My abok(grandmother) laments on how the craft of weaving is now dying out and erstwhile weavers are trading their craft for other quicker and less tedious forms of earning a livelihood. Many have randomly opened up shops selling sweets, snacks and bottled drinks. Some have opted to sell bora(vegetable fritters) and singju(Manipuri salad) on the roadside & outside temples which requires less capital to start up and the returns are quickly achieved. The lack of jobs and decent earning opportunities have put more strains on women who in the midst of juggling cooking, collecting water(tap water is virtually non-existent here), growing vegetables(or shopping for them), looking after children & the house in general, have hardly any time left to weave. And the little time they get, they’d rather be selling bora than weaving sadly.

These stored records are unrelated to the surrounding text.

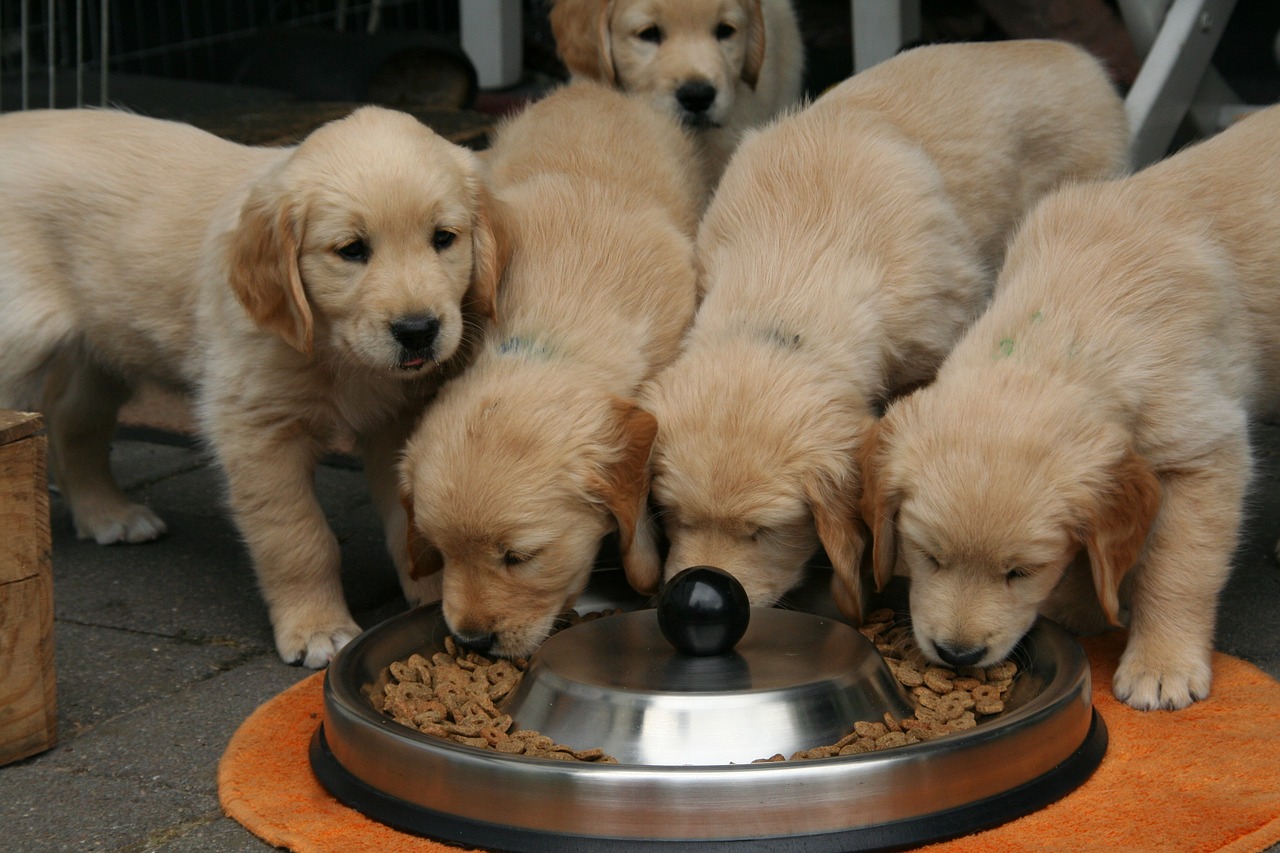 golden retriever puppy dog puppy cute puppies eating free photo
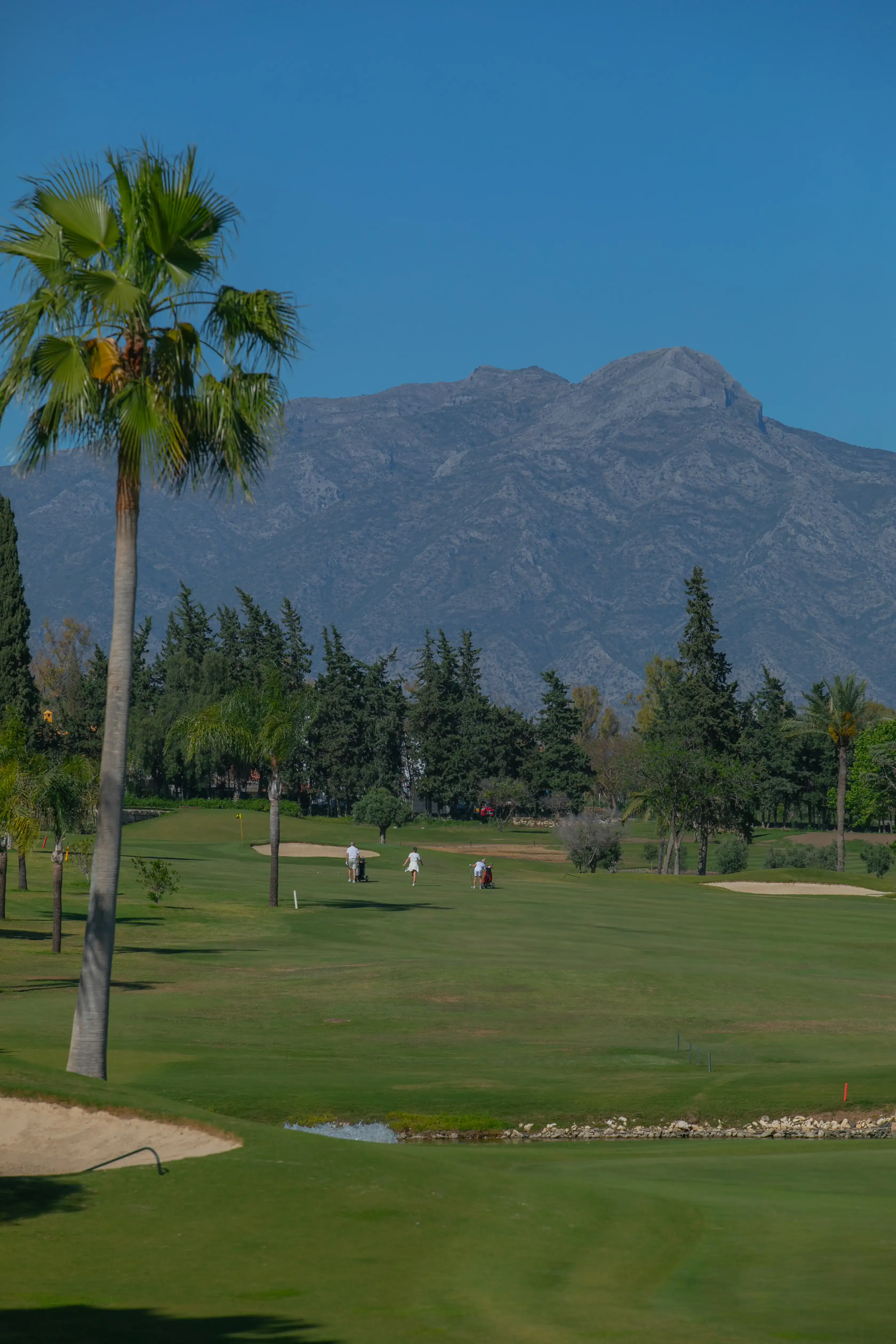 Los mejores hoyos de golf de Estepona en el Club de Golf El Paraíso
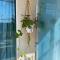 SPA Apartament Sirius house - 圣君士坦丁和海伦那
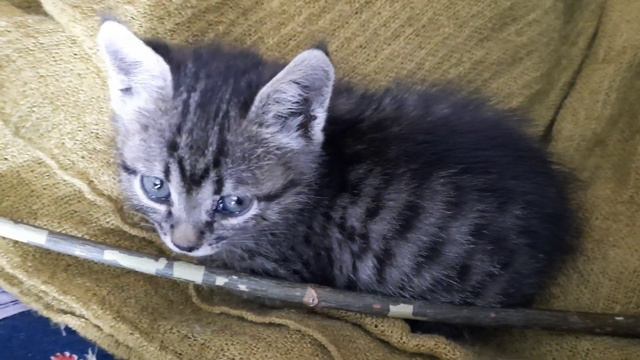 #котенок#доброй ночи#зима#холодно#22января2023#Kitty#Good night#winter#cold# January 22, 2023# смотреть онлайн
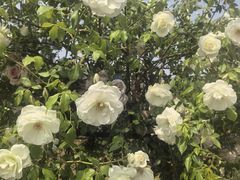 -上海鲜花港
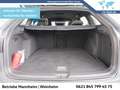 Volkswagen Golf Variant Golf VIII Variant 2.0 TSI R-Line DSG Navi Kamera Grau - thumbnail 6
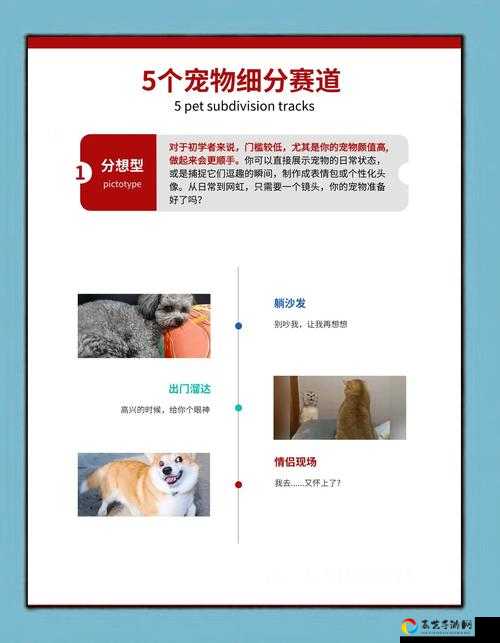 DBSystem宠物养成爆肝总结！3天速成满星宠物攻略来啦
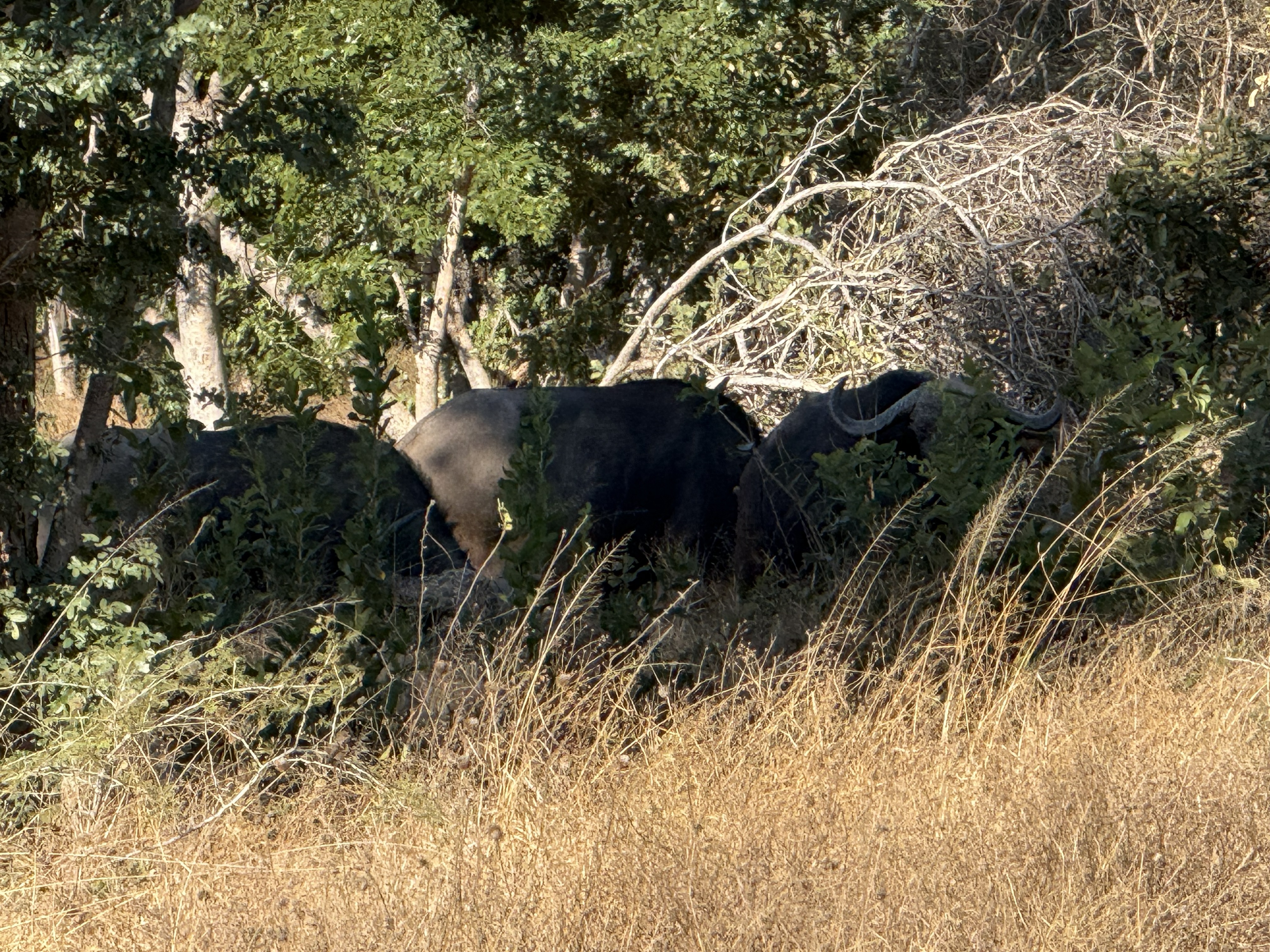 Cape buffalo. Not a cow. Ask anyone who works here which animal they fear, and watch how fast they answer.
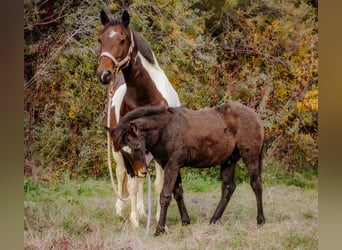 Caballo de deporte portugués Mestizo, Semental, 1 año, 150 cm, Musgo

Looms sitting silent as the poultry cackle around it
Its worrisome no doubt that weavers are hard to come by & good weavers especially so. Perhaps seeing the appreciation for their work by people outside Manipur might help them realise they are sitting on a treasure! I realised that because Abok was so shocked when I informed her that the towels she wove were much appreciated by my friends. She couldn’t believe that her work was special. It took some convincing and towards the end she smiled and said that well..her towels were the most sought after at the renowned Ima Keithel or Ima Market. She wasn’t wrong for when we visited the market, the lady selling the towels much to my delight told me exactly that without knowing that I was related to the weaver.
The dwindling number of weavers also means that the other related services for them like dyeing of yarn and setting up of warp have suffered and they too will be eventually forced to look for alternative modes of livelihood.
Every piece I came across in the markets, every yardage bore with it the struggles, the triumphs, the hard work of each woman who toiled over it under the light of a solar lamp or oil lamp. I shudder to think that we may lose weaving as a craft specially handwoven home linens. I hope to lend a voice to the weavers and expose their craft to as many people possible so that they too may see how truly wonderful their craft and textiles really are.